--- Data for analysis ---
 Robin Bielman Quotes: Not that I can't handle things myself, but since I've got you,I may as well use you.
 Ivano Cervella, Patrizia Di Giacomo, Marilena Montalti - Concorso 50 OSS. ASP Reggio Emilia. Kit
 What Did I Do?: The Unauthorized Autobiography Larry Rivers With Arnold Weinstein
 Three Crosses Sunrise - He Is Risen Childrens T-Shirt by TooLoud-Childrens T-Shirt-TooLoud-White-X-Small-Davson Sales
...
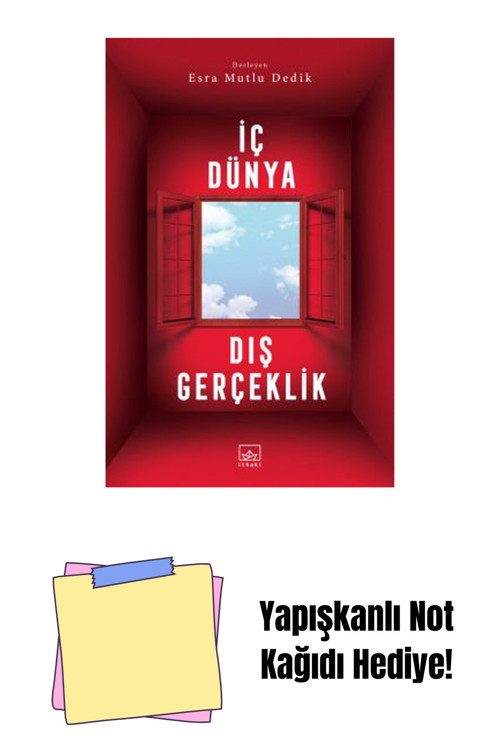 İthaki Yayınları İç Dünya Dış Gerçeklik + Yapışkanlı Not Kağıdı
--
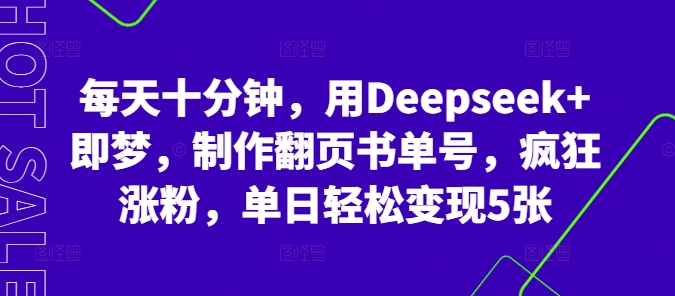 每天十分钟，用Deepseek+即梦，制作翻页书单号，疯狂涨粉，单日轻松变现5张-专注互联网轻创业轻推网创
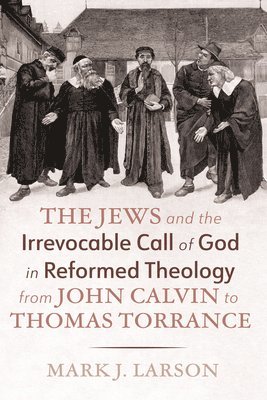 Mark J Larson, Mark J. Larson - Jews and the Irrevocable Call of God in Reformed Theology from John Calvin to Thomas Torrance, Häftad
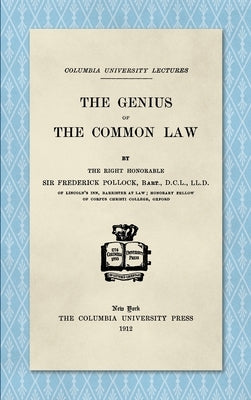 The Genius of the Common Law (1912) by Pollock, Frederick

--- What you should do ---
Where the line holding "Robin Bielman Quotes: Not" appears in the listing above, start reproducing exactly, and end with the line holding "Three Crosses Sunrise".

--- Result of the exercise ---
 Robin Bielman Quotes: Not that I can't handle things myself, but since I've got you,I may as well use you.
 Ivano Cervella, Patrizia Di Giacomo, Marilena Montalti - Concorso 50 OSS. ASP Reggio Emilia. Kit
 What Did I Do?: The Unauthorized Autobiography Larry Rivers With Arnold Weinstein
 Three Crosses Sunrise - He Is Risen Childrens T-Shirt by TooLoud-Childrens T-Shirt-TooLoud-White-X-Small-Davson Sales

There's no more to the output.